因此孙姨娘便懦懦地低声谢了座,只挨着半边坐了,月禾垂首立在她身后。
孙姨娘为人懦弱,况且这门亲事,是她为姜瑟瑟选的。
思及此,一股莫名的郁气便堵在胸口,对孙姨娘更是添了几分冷淡。
疏桐奉上茶来,谢玦端起热茶,并不言语,只等孙姨娘开口。
气氛一时凝滞得有些压人。
孙姨娘定了定神,双手在膝上不安地绞了绞帕子,方小心翼翼地开口,声音带着几分试探的恭敬:“大公子,我今日前来,是想问一句……前些日子,您可是赏了瑟瑟一座城外的庄子?”
谢玦闻言,目光从茶盏上移开,落在孙姨娘带着几分恳切又惶惑的脸上,只略一点头:“确有此事。”

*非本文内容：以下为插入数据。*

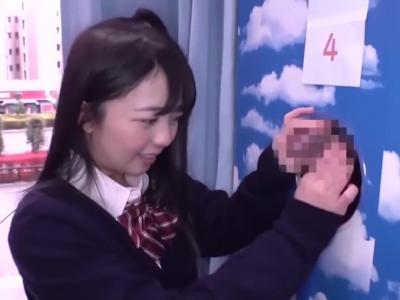 《外見える!?×高校生》「これかなぁ？」初々しいJKカップルがスケベゲームで彼氏の目の前で…！女性が見てもいい18禁動画
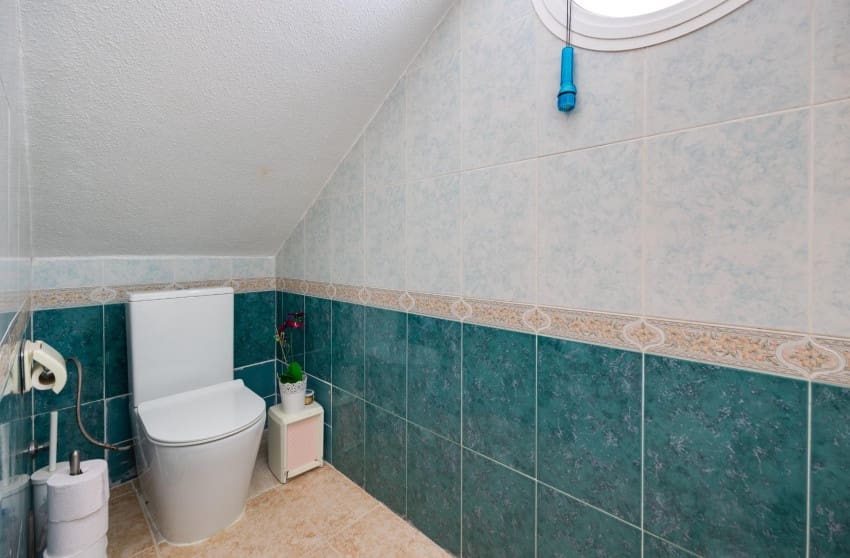 3 sovrum Villa till salu i Orihuela Costa med pool - 228 999 € (Ref: 9868089)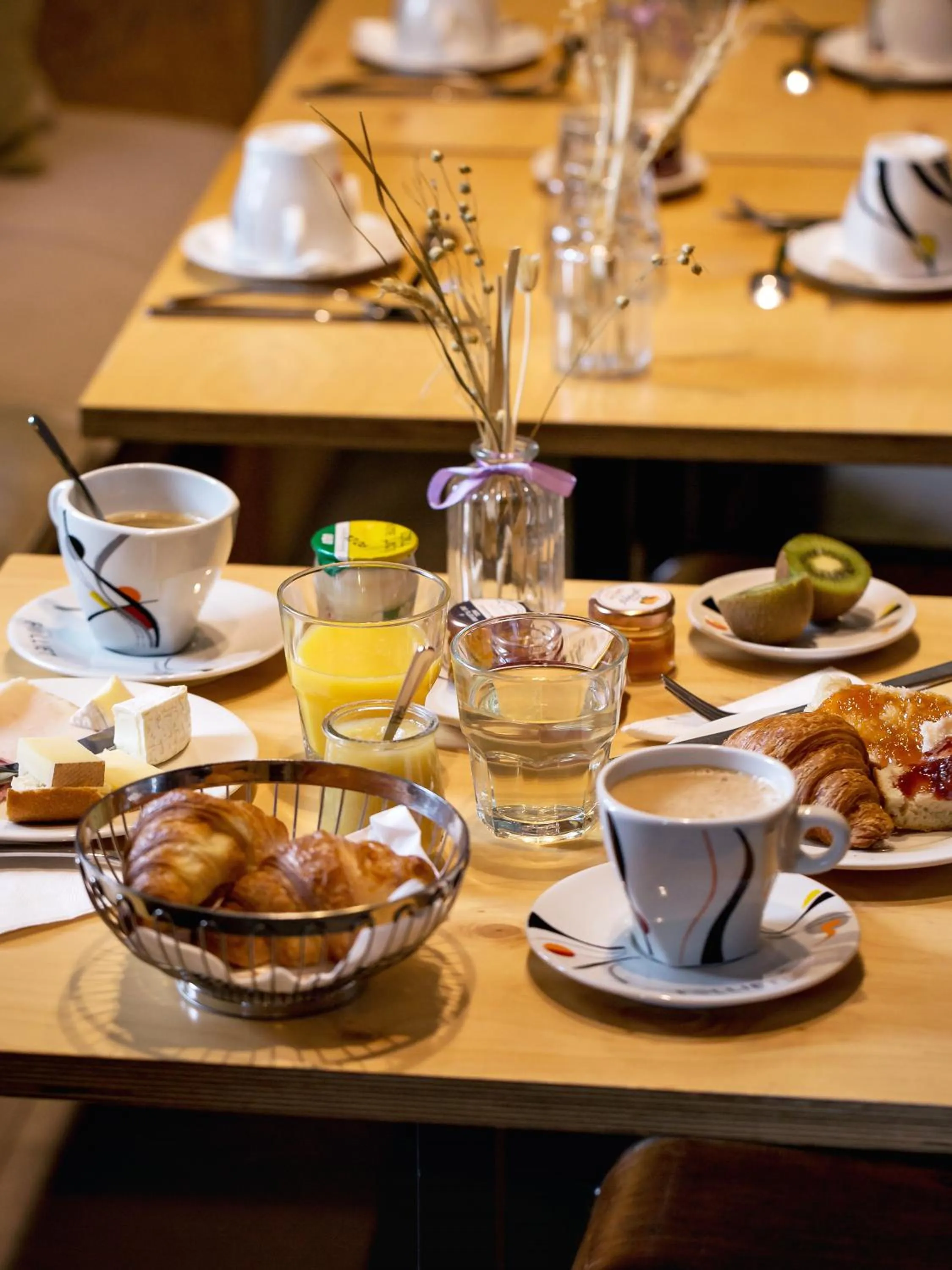 Continental breakfast in Hôtel Gaston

谁料孙姨娘一听这话,竟噗通一声,从绣墩上滑落,直挺挺地跪在了青砖地上。
月禾唬了一跳,也跟着跪倒。
孙姨娘的声音带着颤抖,却异常坚决:“求大公子做主,让瑟瑟搬到庄子上住去吧。”
之前姜瑟瑟说谢玦赏了她一座庄子,孙姨娘看着姜瑟瑟高兴的样子,也不好提醒她,谢玦可能是要赶她走。